*** Begin section ***

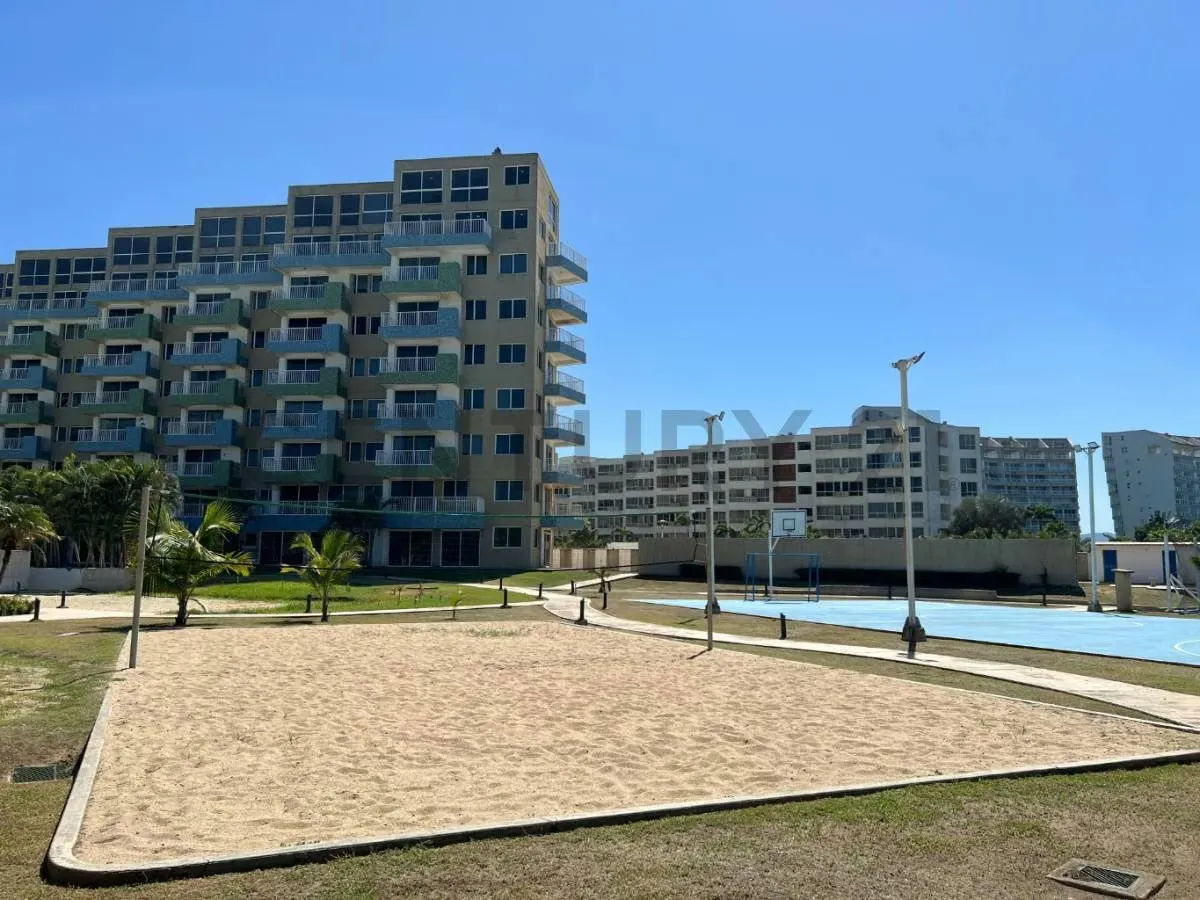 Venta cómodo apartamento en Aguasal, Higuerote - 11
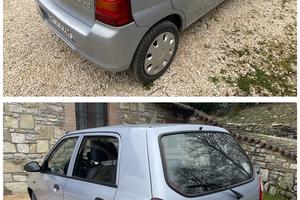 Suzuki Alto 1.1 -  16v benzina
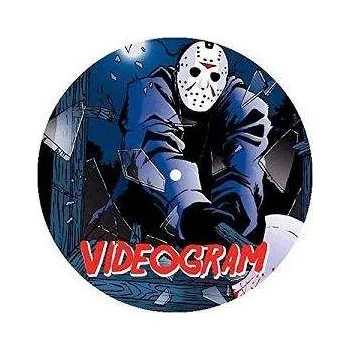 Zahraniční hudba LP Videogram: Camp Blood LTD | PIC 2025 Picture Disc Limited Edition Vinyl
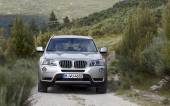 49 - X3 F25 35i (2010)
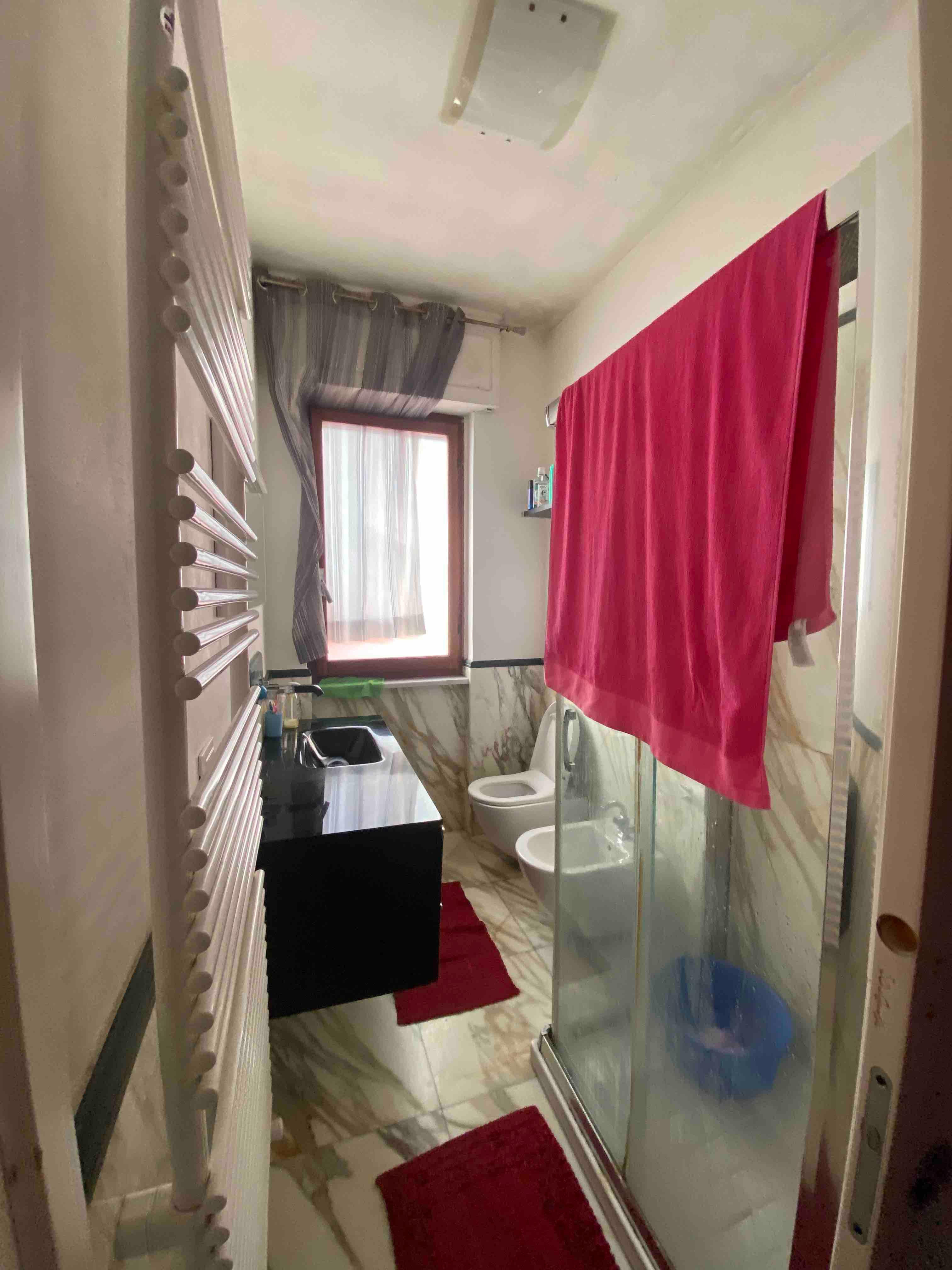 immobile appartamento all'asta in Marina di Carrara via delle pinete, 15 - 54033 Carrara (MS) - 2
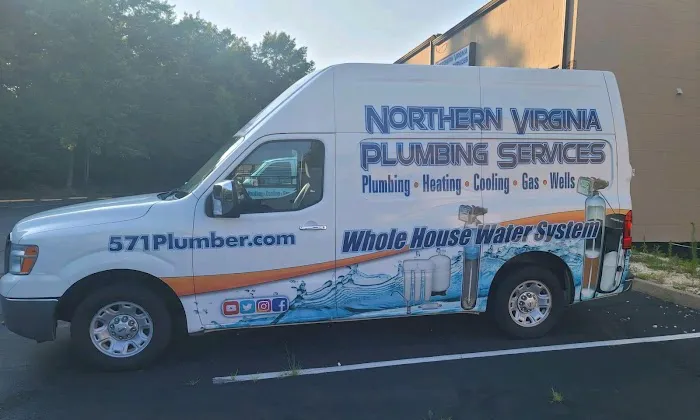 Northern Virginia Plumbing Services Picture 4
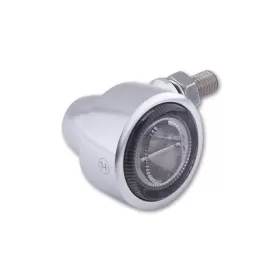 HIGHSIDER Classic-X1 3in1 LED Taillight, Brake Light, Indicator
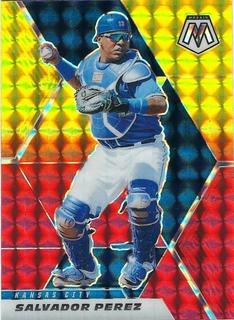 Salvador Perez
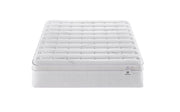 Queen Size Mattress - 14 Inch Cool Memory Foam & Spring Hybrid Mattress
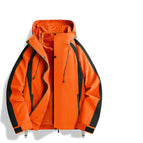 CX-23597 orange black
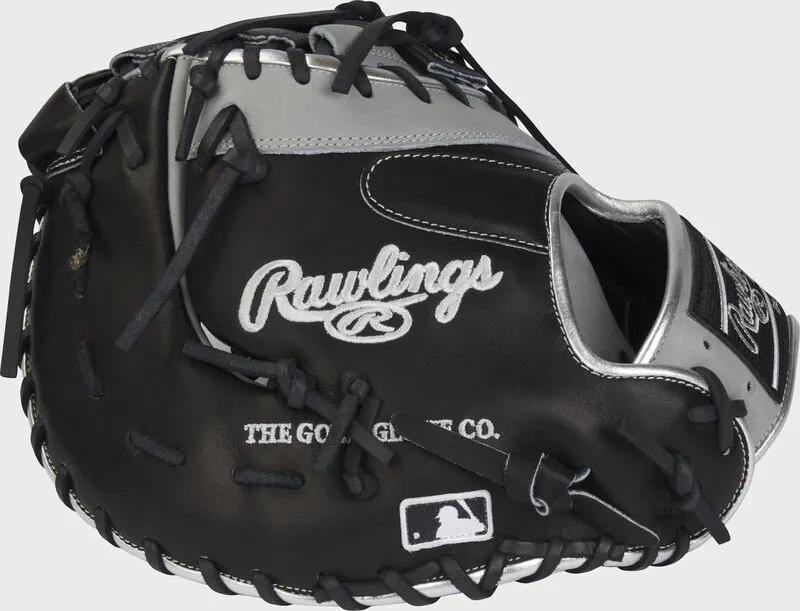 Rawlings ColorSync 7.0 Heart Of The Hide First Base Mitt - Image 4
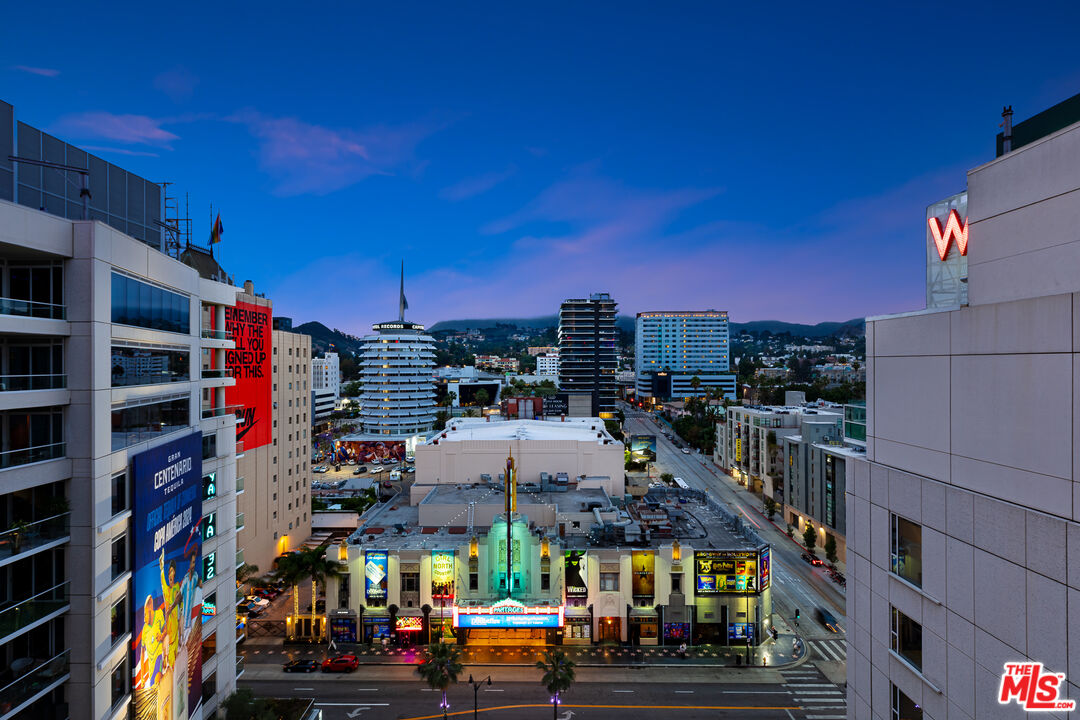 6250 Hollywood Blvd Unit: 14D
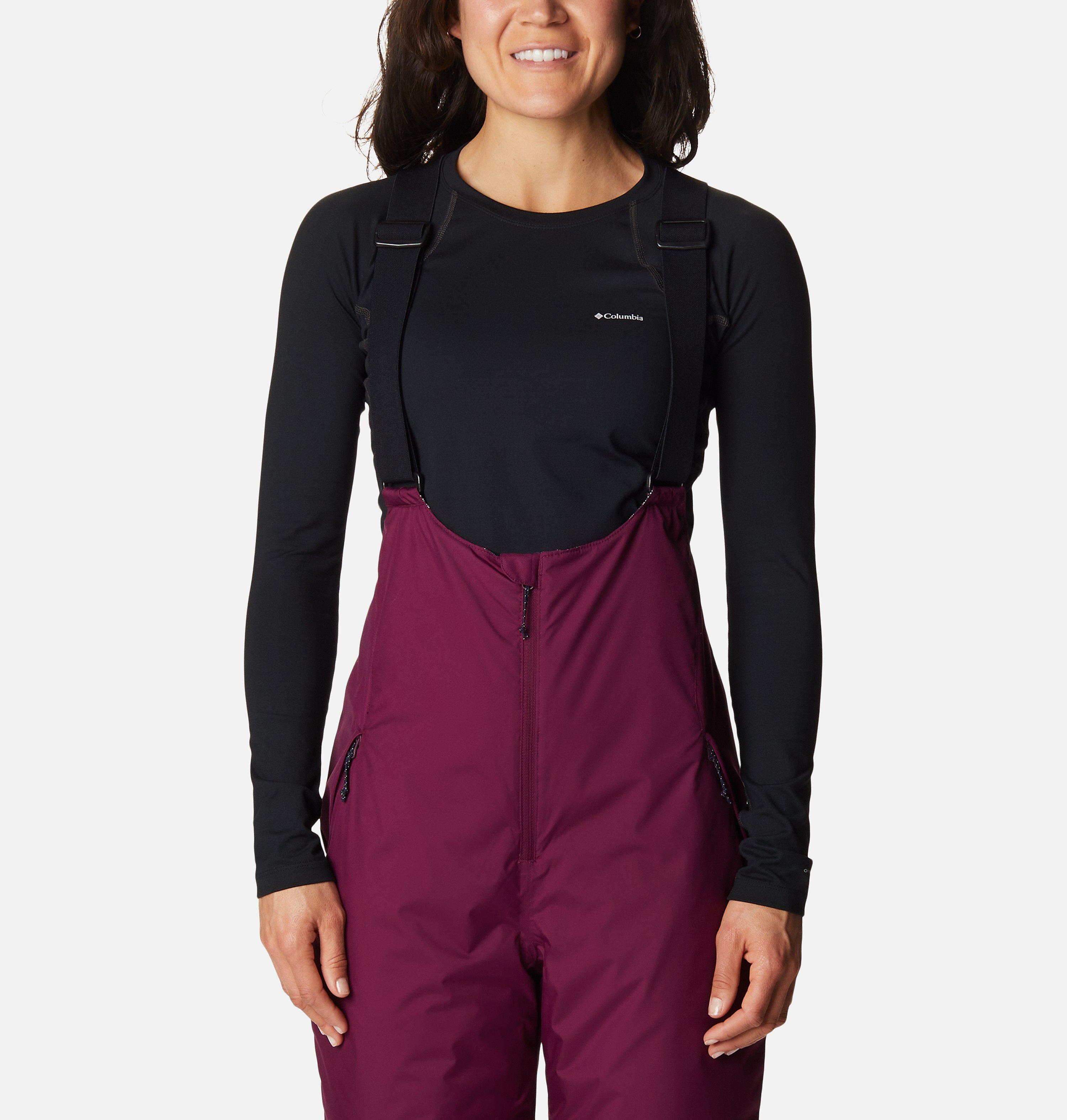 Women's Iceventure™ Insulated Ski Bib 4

*** End section ***

Transcribe the entries above word for word, but leave every picture out of your copy.

 Venta cómodo apartamento en Aguasal, Higuerote - 11
 Suzuki Alto 1.1 -  16v benzina
 Zahraniční hudba LP Videogram: Camp Blood LTD | PIC 2025 Picture Disc Limited Edition Vinyl
 49 - X3 F25 35i (2010)
 immobile appartamento all'asta in Marina di Carrara via delle pinete, 15 - 54033 Carrara (MS) - 2
 Northern Virginia Plumbing Services Picture 4
 HIGHSIDER Classic-X1 3in1 LED Taillight, Brake Light, Indicator
 Salvador Perez
 Queen Size Mattress - 14 Inch Cool Memory Foam & Spring Hybrid Mattress
 CX-23597 orange black
 Rawlings ColorSync 7.0 Heart Of The Hide First Base Mitt - Image 4
 6250 Hollywood Blvd Unit: 14D
 Women's Iceventure™ Insulated Ski Bib 4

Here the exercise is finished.